*TO DO*:
Each line of the data below between the one containing "Clown Shirt, T" and the one containing "Correa Antideslizante de", both included, is to be repeated exactly. Please omit pictures.

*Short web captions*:

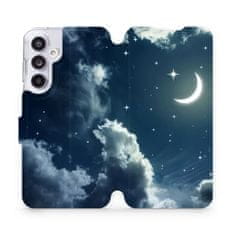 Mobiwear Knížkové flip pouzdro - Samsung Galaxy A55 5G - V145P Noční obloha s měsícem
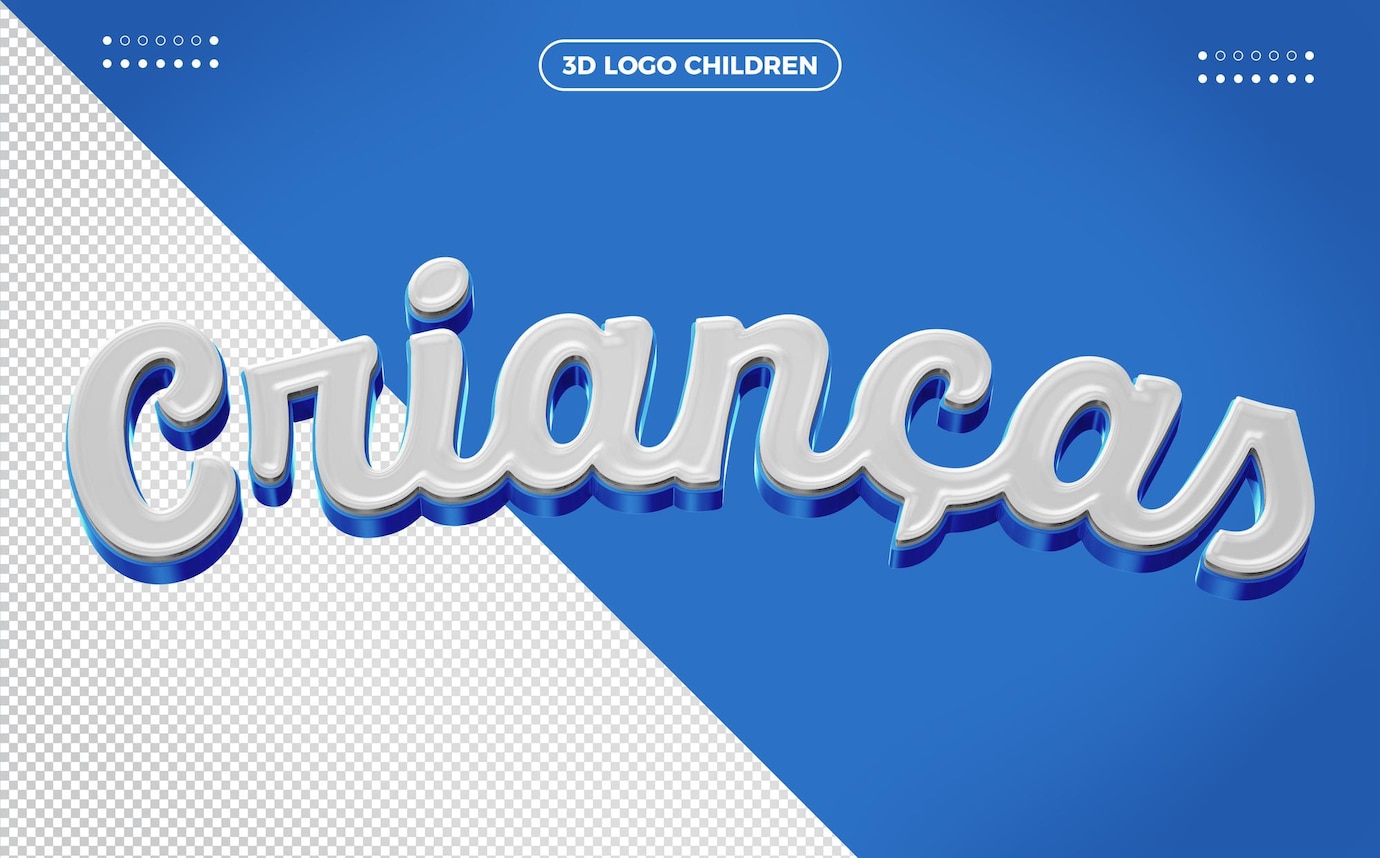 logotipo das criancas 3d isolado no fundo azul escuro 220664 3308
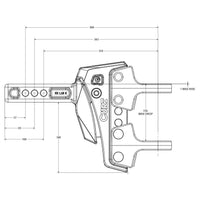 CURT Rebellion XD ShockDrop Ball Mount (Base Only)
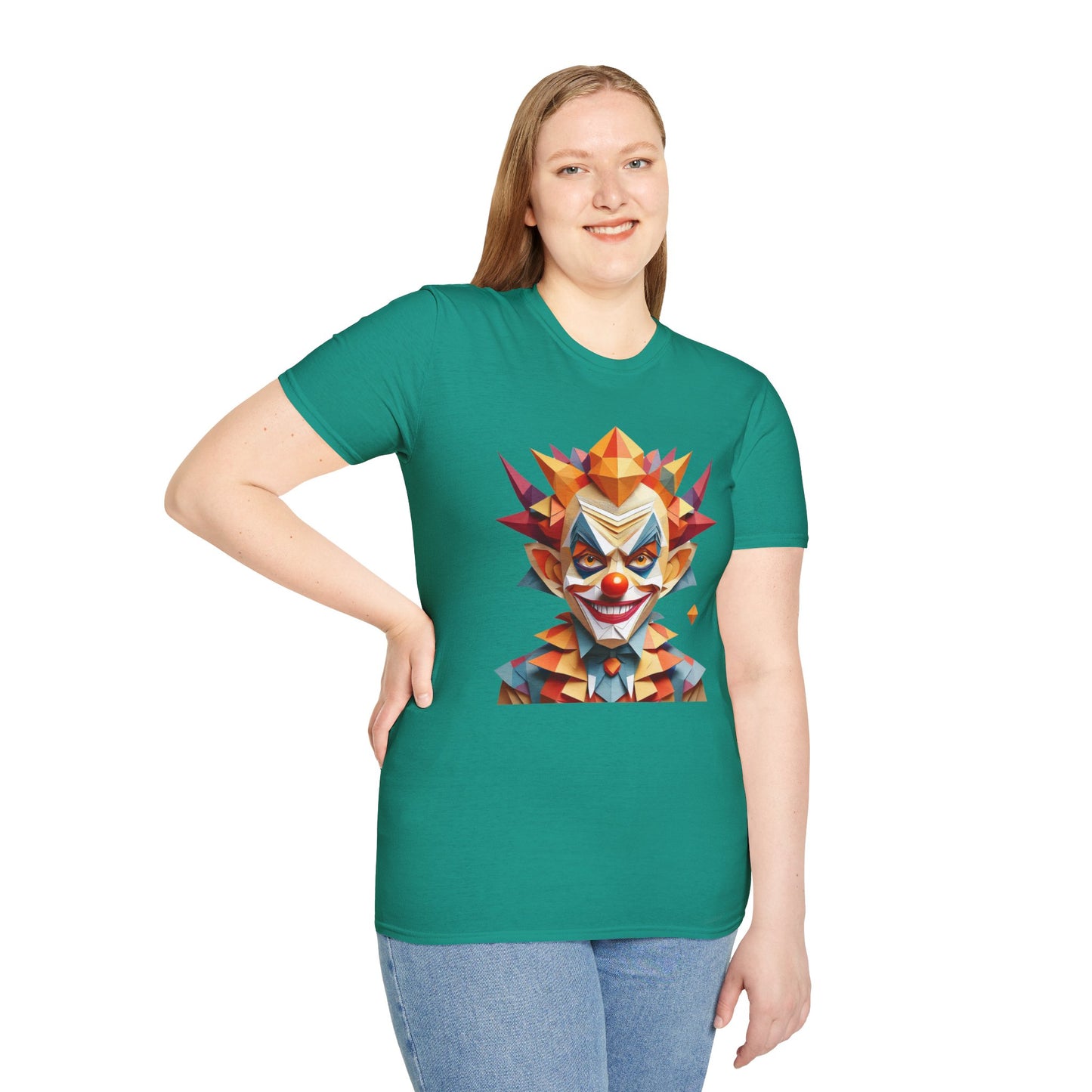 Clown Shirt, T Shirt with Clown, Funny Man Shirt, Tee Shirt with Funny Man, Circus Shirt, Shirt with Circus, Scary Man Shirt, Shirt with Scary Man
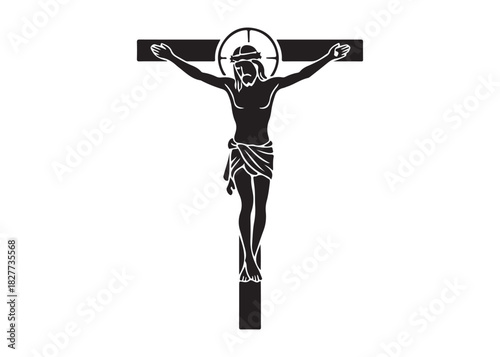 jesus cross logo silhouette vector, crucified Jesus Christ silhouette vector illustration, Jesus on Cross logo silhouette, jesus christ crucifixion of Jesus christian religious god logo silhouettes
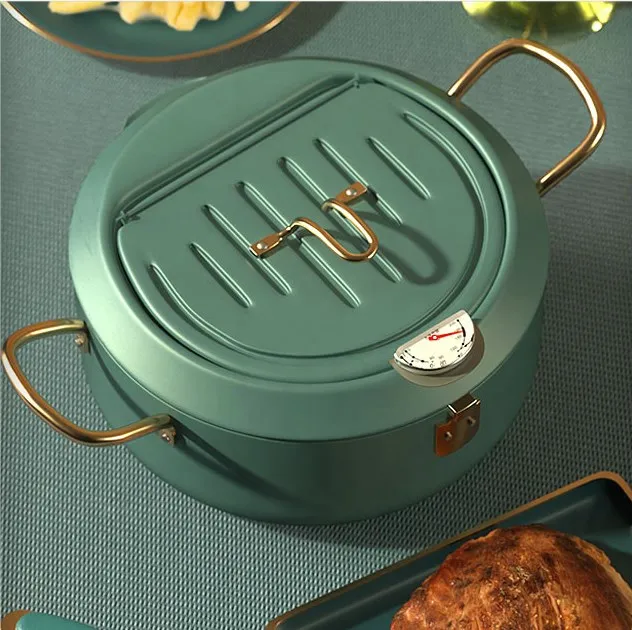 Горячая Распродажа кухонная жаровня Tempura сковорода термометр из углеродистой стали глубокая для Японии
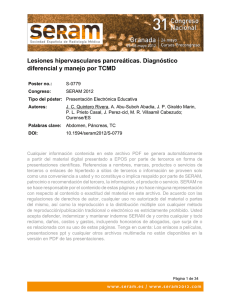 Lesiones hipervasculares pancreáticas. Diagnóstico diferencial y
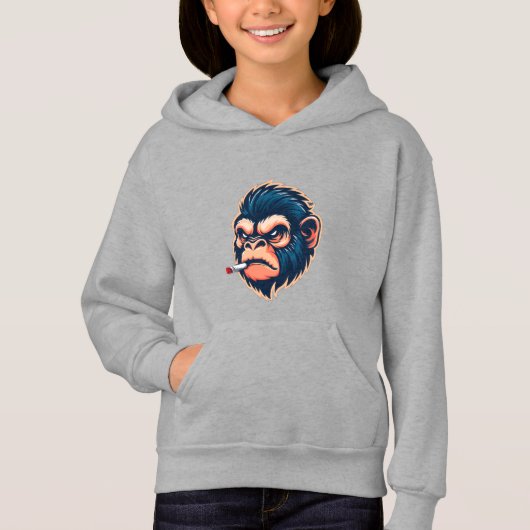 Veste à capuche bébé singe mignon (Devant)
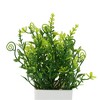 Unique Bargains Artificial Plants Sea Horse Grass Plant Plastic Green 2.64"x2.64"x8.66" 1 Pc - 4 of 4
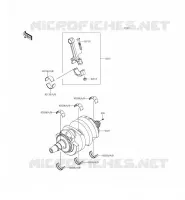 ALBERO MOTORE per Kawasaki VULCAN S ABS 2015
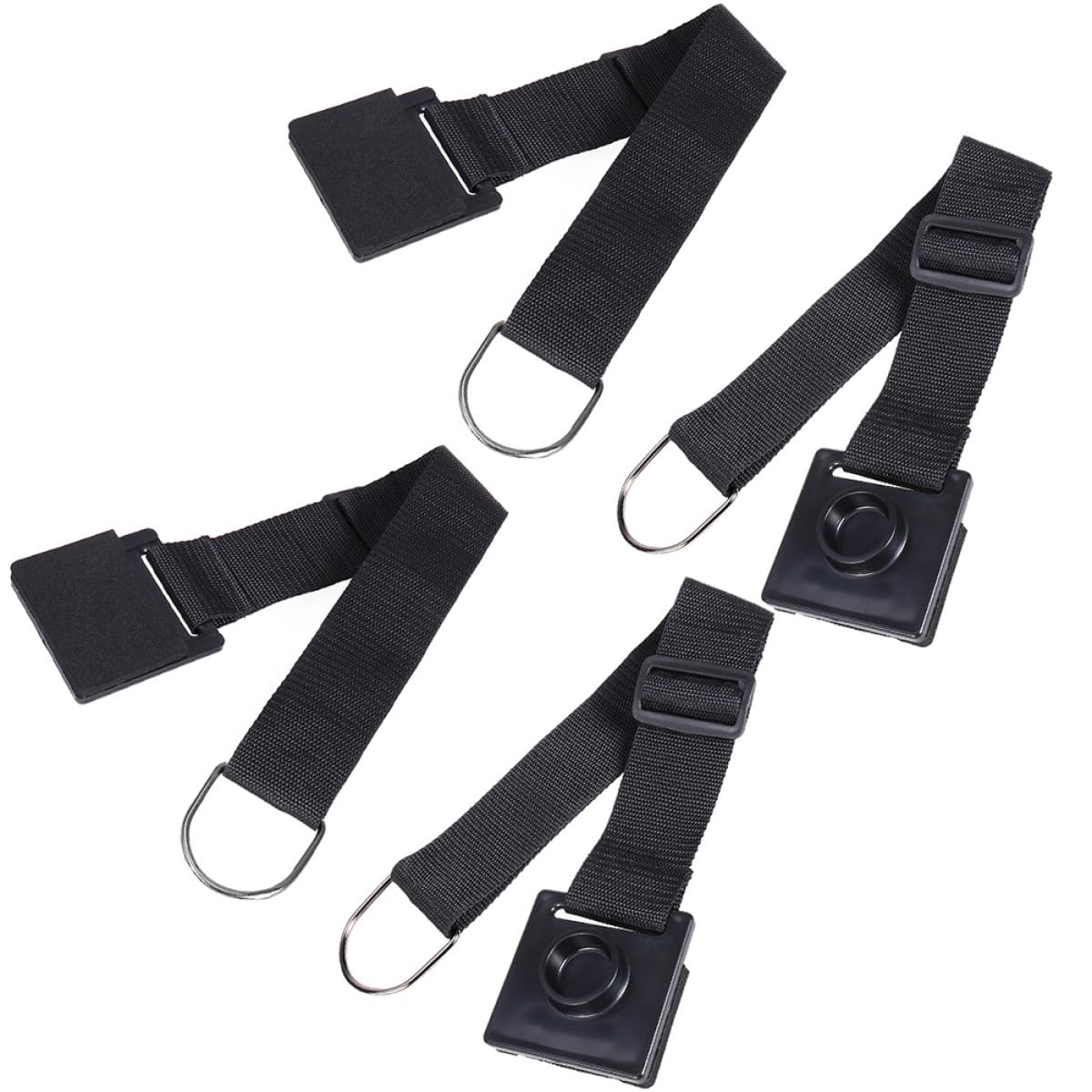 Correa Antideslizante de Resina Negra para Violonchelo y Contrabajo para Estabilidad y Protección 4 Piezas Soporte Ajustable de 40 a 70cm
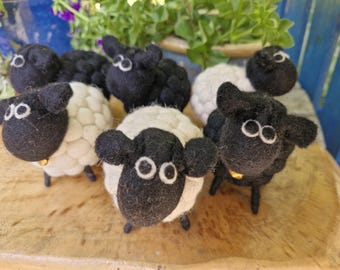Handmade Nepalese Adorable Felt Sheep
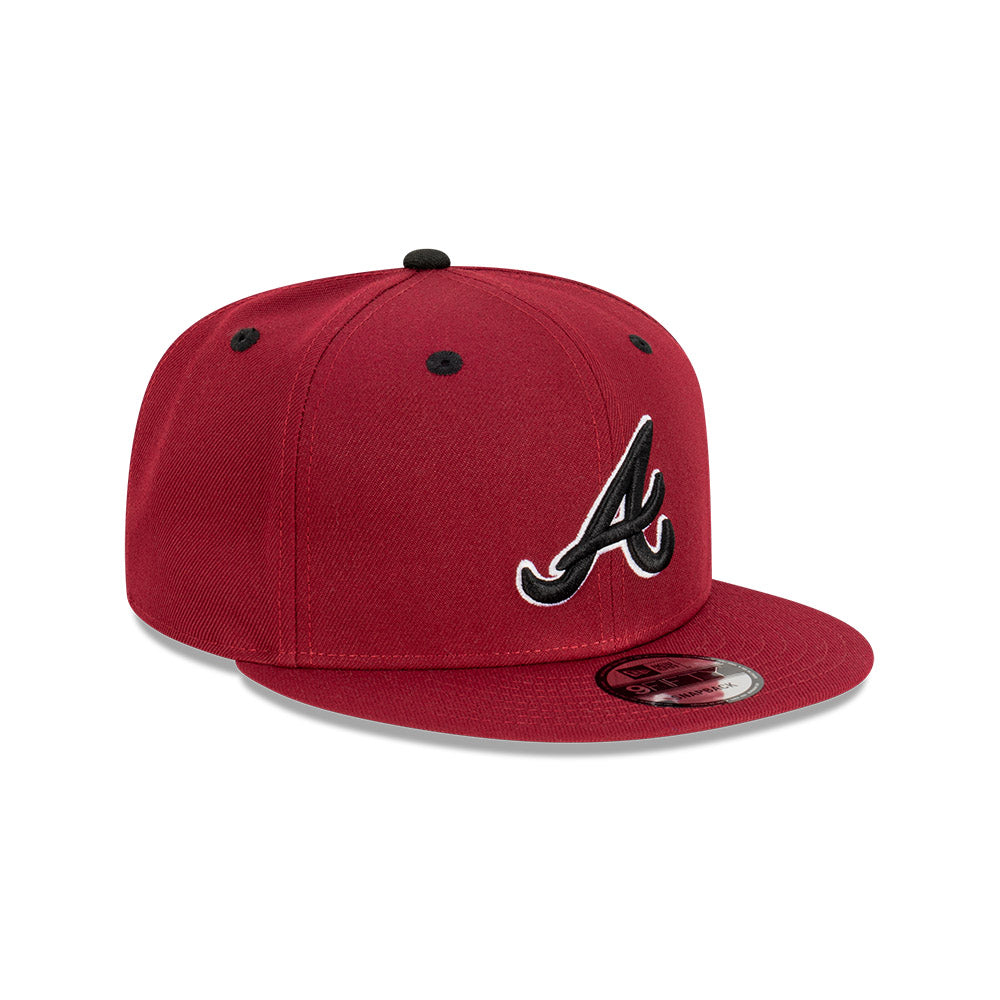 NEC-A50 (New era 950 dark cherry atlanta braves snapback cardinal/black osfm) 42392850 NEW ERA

*EXERCISE RESPONSE*:
 Clown Shirt, T Shirt with Clown, Funny Man Shirt, Tee Shirt with Funny Man, Circus Shirt, Shirt with Circus, Scary Man Shirt, Shirt with Scary Man
 jesus cross logo silhouette vector, crucified Jesus Christ silhouette vector illustration, Jesus on Cross logo silhouette, jesus christ crucifixion of Jesus christian religious god logo silhouettes
 Горячая Распродажа кухонная жаровня Tempura сковорода термометр из углеродистой стали глубокая для Японии
 Lesiones hipervasculares pancreáticas. Diagnóstico diferencial y
 Veste à capuche bébé singe mignon (Devant)
 Unique Bargains Artificial Plants Sea Horse Grass Plant Plastic Green 2.64"x2.64"x8.66" 1 Pc - 4 of 4
 ALBERO MOTORE per Kawasaki VULCAN S ABS 2015
 Correa Antideslizante de Resina Negra para Violonchelo y Contrabajo para Estabilidad y Protección 4 Piezas Soporte Ajustable de 40 a 70cm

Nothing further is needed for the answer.